Dear Lucy...

Carrie Bird
Flying High Theatre Company
theSpace @ Niddry St

Dear Lucy...

It can be oft said of the Fringe that there is no shortage of plays set during the Great War, but few enough of them deal with the suffering of those left at home after the war has ended.

Flying High Theatre has opted to begin their play with almost a knowing wink towards this, by opening with the sort of sombre scene that most plays would close upon. Reading from real letters, the audience hears the words of four men writing to the titular Lucy, not all of whom live to see the peacetime.

As this scene ends, so does the war, and the rest of the runtime tells the contining story of the girl as she argues with her family, has fun with friends and weighs up the courtship of another man, with the memory of the one that was lost.

Dear Lucy... is a true labour of love, and a familial creation crafted by the real Lucy's granddaughter, writer-director Carrie Bird, who compiled the piece from family recollection and the many letters that had been stored in a shoebox. This connection is continued with several cast members, as well as the songwriter being Lucy's great grandchildren.

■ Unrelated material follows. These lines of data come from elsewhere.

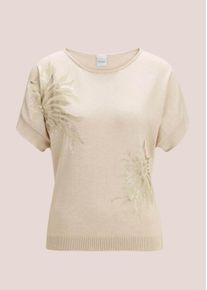 Madeleine Mode Longpullover MADELEINE "Pullover Kurzarm-Pullover mit glanzvollem Floral-Print", Damen, Gr. 48, wei&szlig; (perlwei&szlig;, multicolor), Obermaterial: 100% Baumwolle CO., Modern, Pullover Longpullover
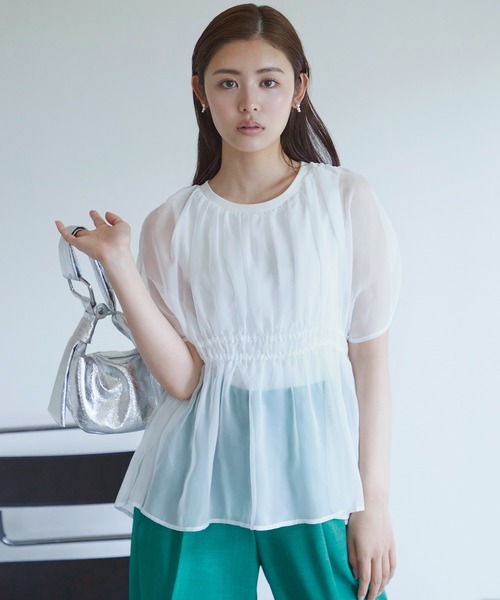 tシャツ 「PLUS」シアードッキングトップス レディース AZUL BY MOUSSY | 【PLUS】シアードッキングトップス (Tシャツ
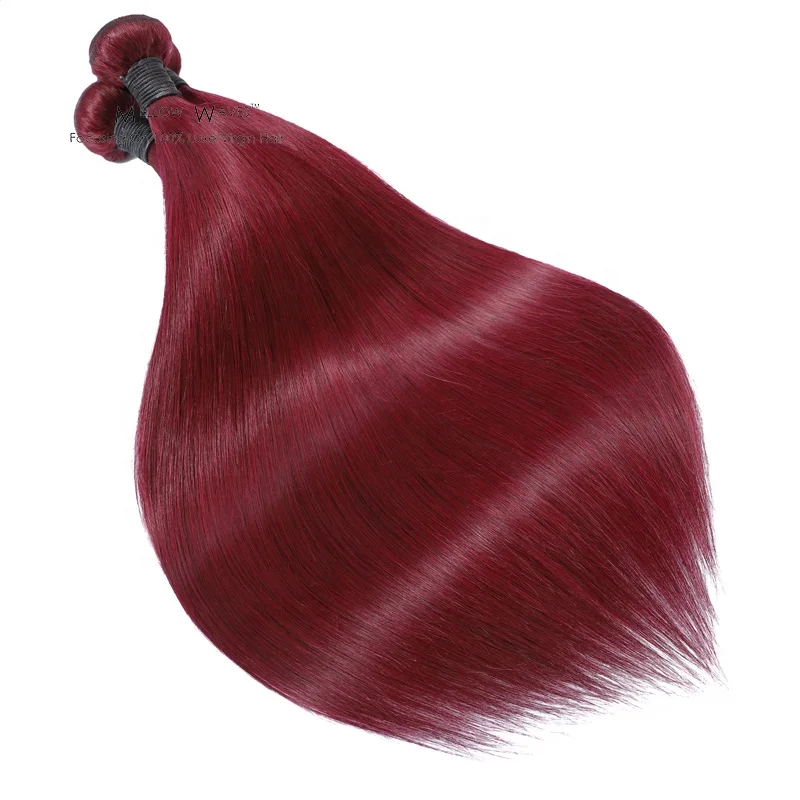
Mellow Waves Indian Human Hair Silky Straight 99J Ombre Color Human Hair Bundles Virgin Remy Red Wine Human Weaving Extension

It's still somewhat of a work in progress, as the creators freely admit, as they wish to grow this tale in the telling, and while this means that there is a roughness to the play and the snippets of song and recorded recollections of family, talking about Lucy in her later years, don't knit together as well as they might, the piece nevertheless is a charming and kind tribute to the forgotten sorrows of the War and the quiet scars that often healed in silence.